**DATA IN THIS EXERCISE**.
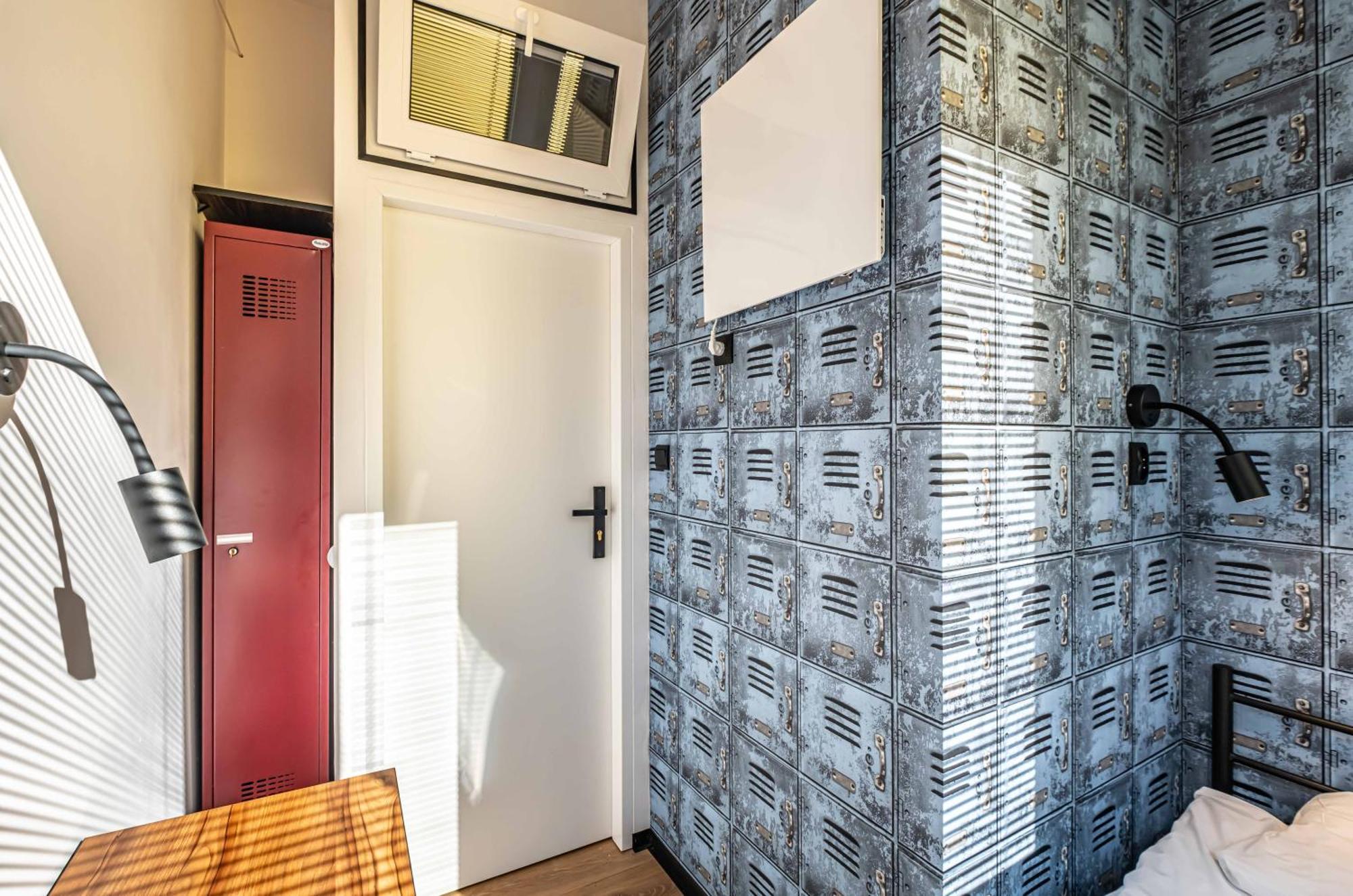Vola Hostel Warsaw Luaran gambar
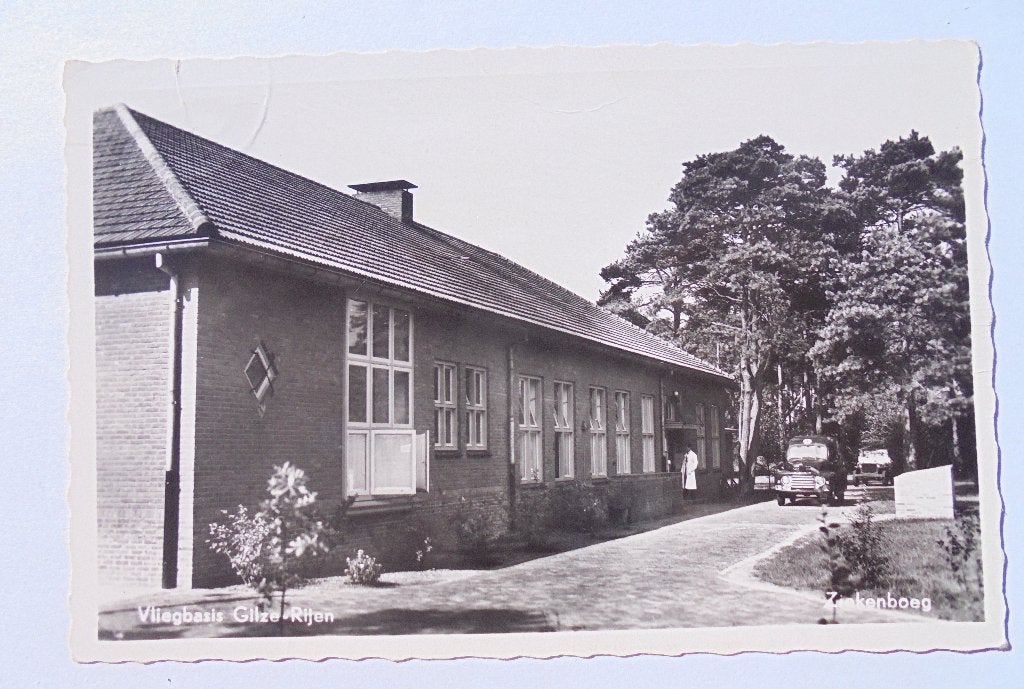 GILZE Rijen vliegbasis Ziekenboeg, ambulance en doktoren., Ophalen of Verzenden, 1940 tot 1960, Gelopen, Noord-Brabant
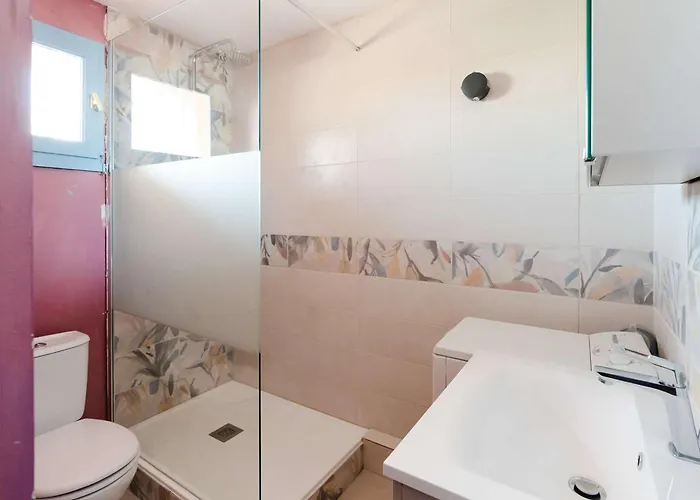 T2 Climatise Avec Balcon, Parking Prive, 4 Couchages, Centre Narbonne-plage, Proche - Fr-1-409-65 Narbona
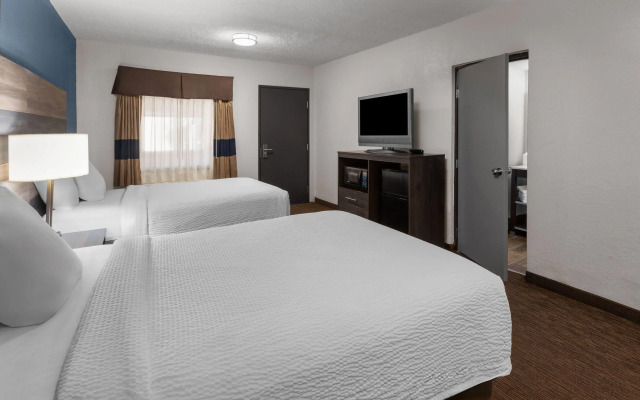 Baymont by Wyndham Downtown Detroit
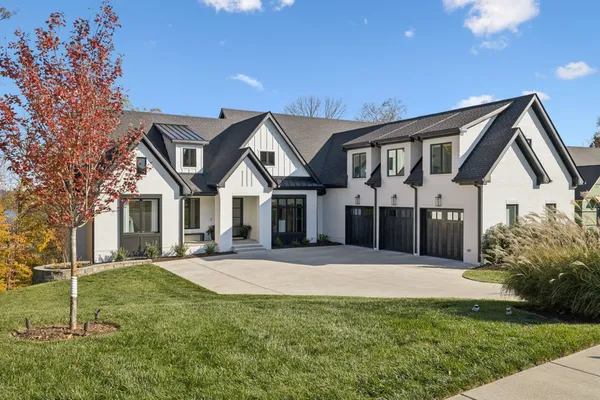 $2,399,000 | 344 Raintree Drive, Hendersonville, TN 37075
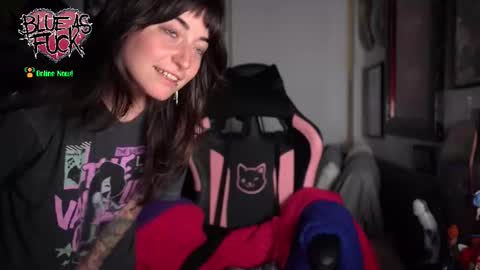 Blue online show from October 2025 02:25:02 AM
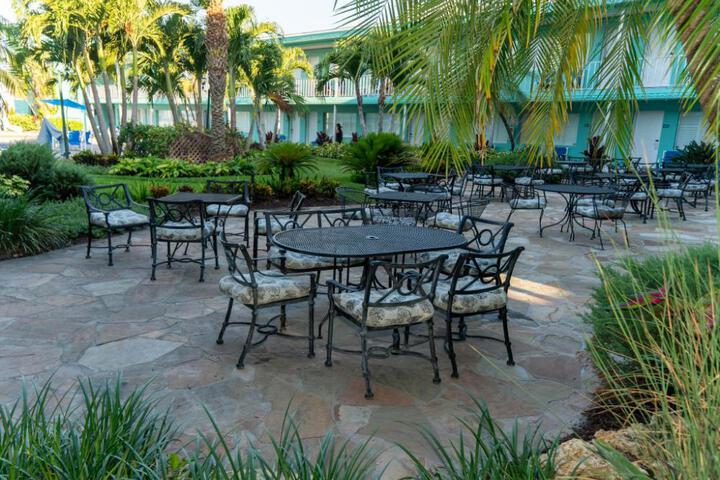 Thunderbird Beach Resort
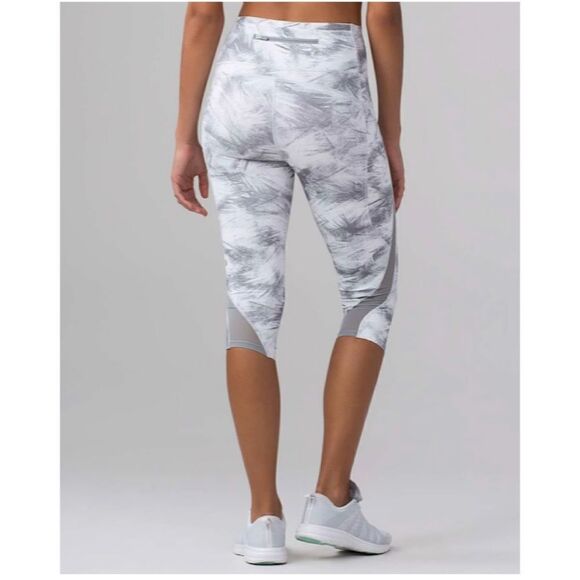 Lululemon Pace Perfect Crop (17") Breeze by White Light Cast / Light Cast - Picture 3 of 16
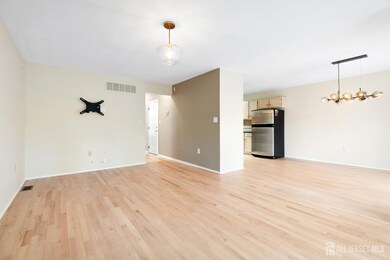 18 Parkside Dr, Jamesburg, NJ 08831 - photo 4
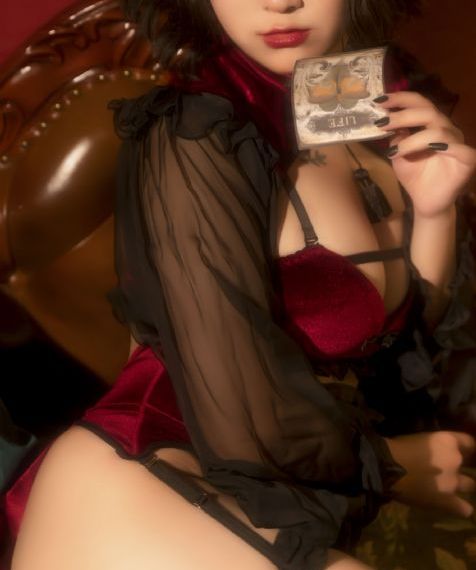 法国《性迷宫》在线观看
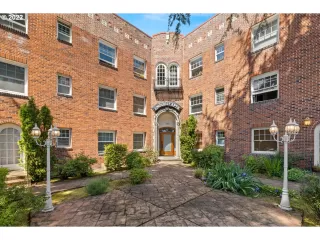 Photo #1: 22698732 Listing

**PROBLEM REQUIREMENTS**.
For this exercise, copy the entries above exactly and skip any picture.

**RESPONSE FOR THIS EXERCISE**.
Vola Hostel Warsaw Luaran gambar
 GILZE Rijen vliegbasis Ziekenboeg, ambulance en doktoren., Ophalen of Verzenden, 1940 tot 1960, Gelopen, Noord-Brabant
 T2 Climatise Avec Balcon, Parking Prive, 4 Couchages, Centre Narbonne-plage, Proche - Fr-1-409-65 Narbona
 Baymont by Wyndham Downtown Detroit
 $2,399,000 | 344 Raintree Drive, Hendersonville, TN 37075
 Blue online show from October 2025 02:25:02 AM
 Thunderbird Beach Resort
 Lululemon Pace Perfect Crop (17") Breeze by White Light Cast / Light Cast - Picture 3 of 16
 18 Parkside Dr, Jamesburg, NJ 08831 - photo 4
 法国《性迷宫》在线观看
 Photo #1: 22698732 Listing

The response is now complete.